Exercise directions: Look below for the line holding "single, terminal spores." and the line holding "wide, truncate scar.". Transcribe exactly those lines and all lines between them, nothing more.
═══ Input data
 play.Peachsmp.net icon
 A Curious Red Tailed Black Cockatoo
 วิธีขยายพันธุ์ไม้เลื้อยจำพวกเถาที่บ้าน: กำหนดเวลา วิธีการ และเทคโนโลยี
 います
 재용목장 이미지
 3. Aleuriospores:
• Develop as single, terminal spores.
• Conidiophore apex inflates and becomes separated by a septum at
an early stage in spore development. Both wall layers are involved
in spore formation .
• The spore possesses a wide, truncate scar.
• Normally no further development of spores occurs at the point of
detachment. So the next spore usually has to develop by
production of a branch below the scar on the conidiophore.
══════
═══ Input data
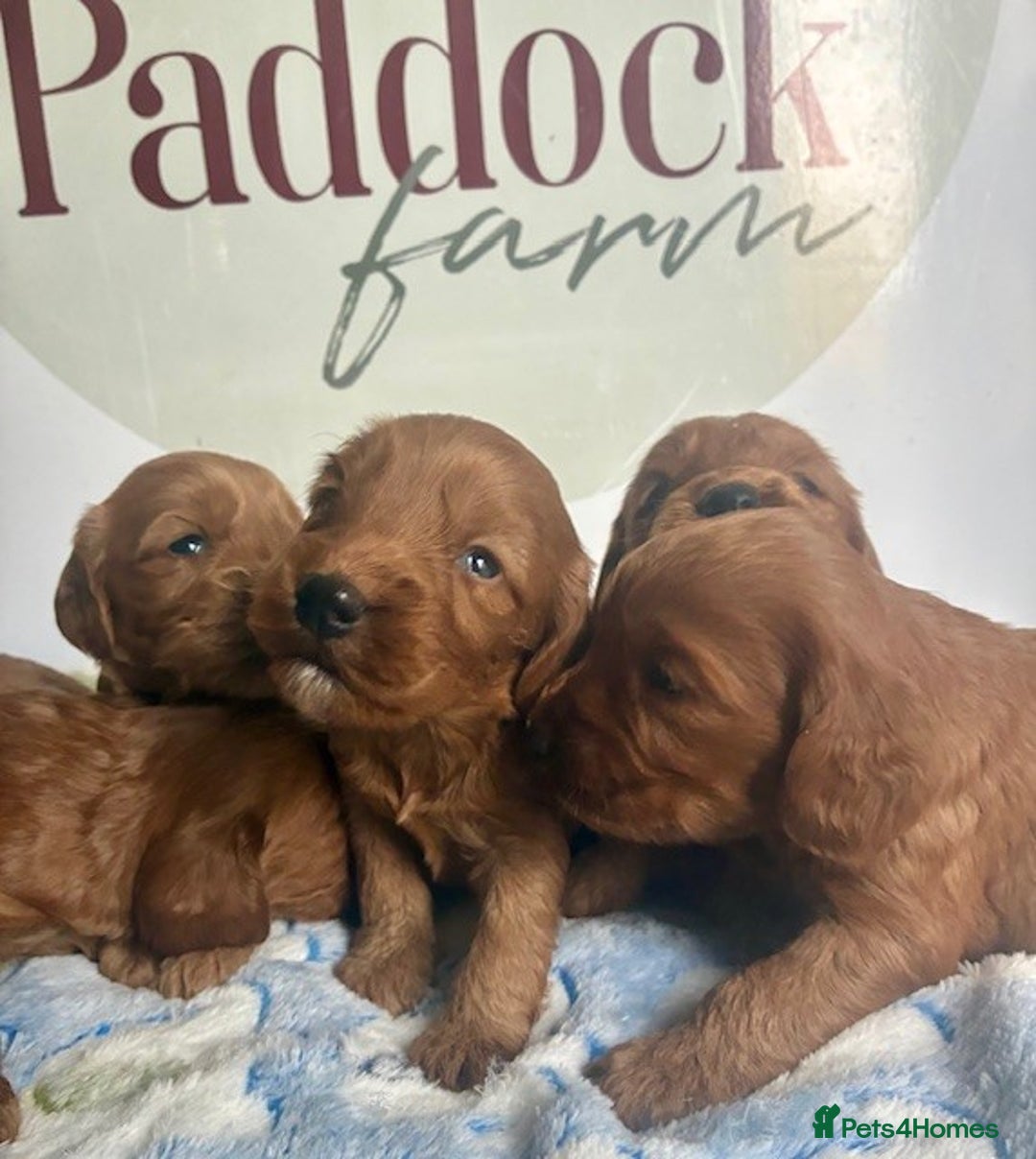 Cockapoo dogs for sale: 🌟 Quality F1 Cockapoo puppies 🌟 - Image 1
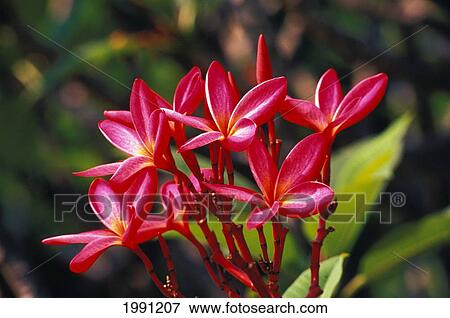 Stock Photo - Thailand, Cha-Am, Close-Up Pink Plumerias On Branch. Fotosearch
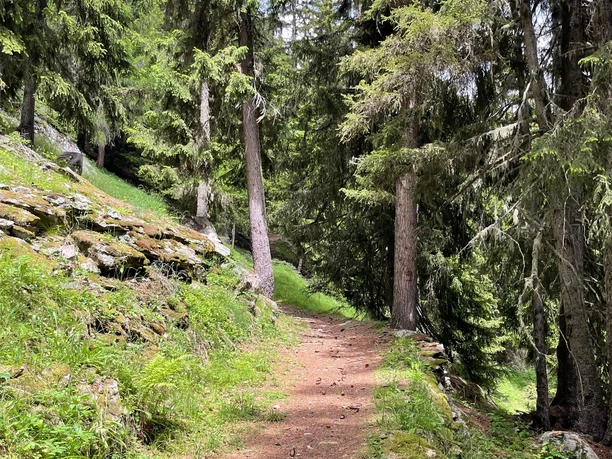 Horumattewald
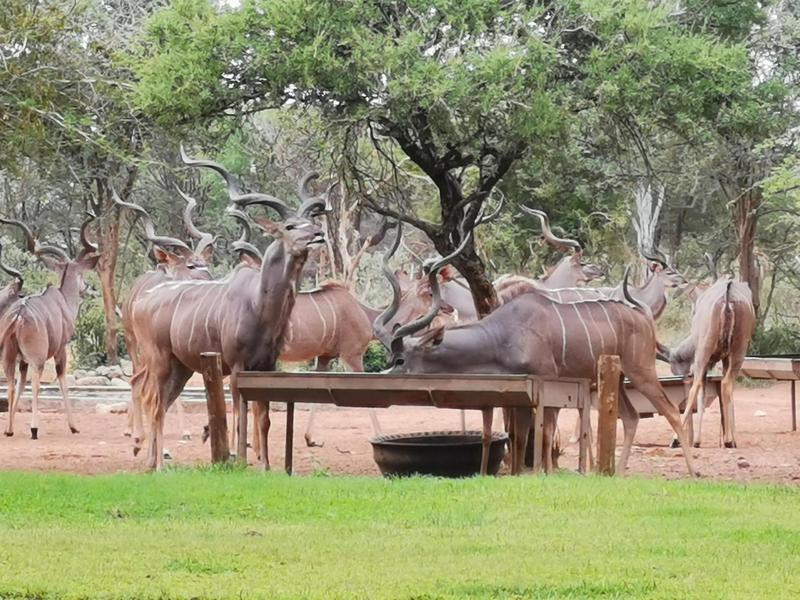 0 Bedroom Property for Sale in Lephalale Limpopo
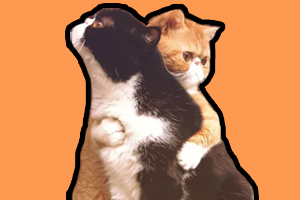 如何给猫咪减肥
══════
═══ Input data
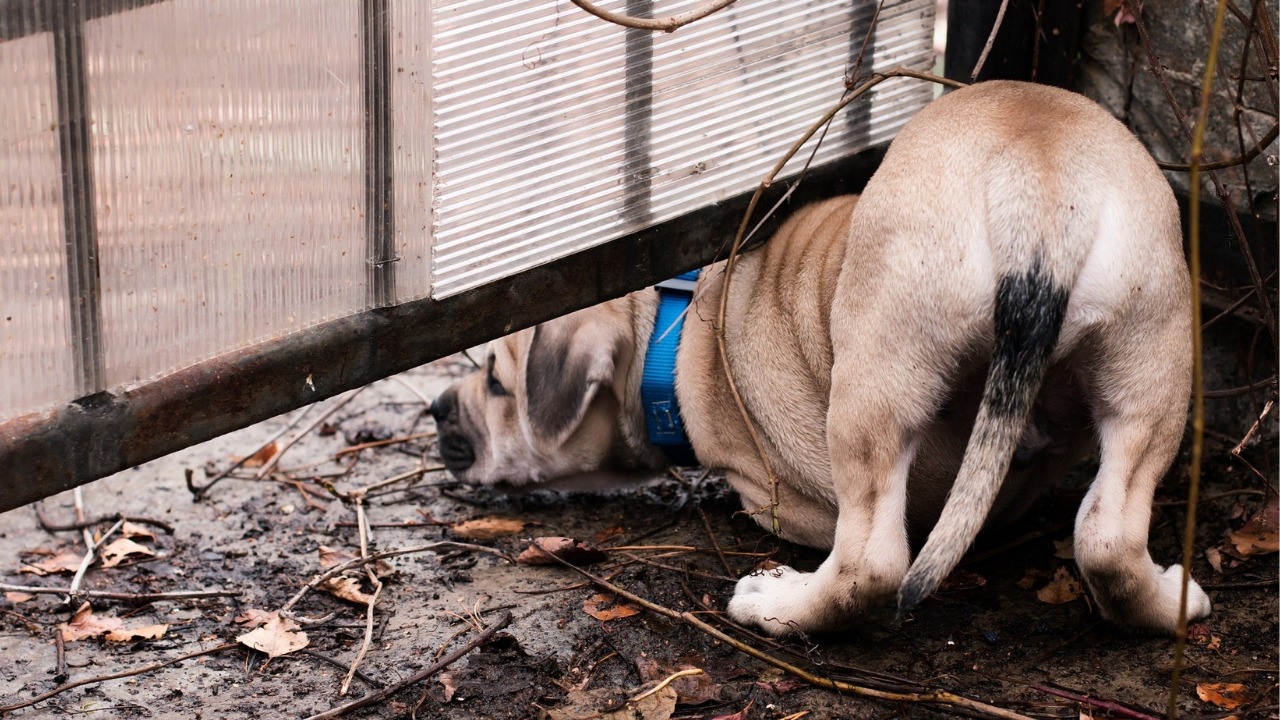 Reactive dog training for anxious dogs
══════
Worked solution:
• Develop as single, terminal spores.
• Conidiophore apex inflates and becomes separated by a septum at
an early stage in spore development. Both wall layers are involved
in spore formation .
• The spore possesses a wide, truncate scar.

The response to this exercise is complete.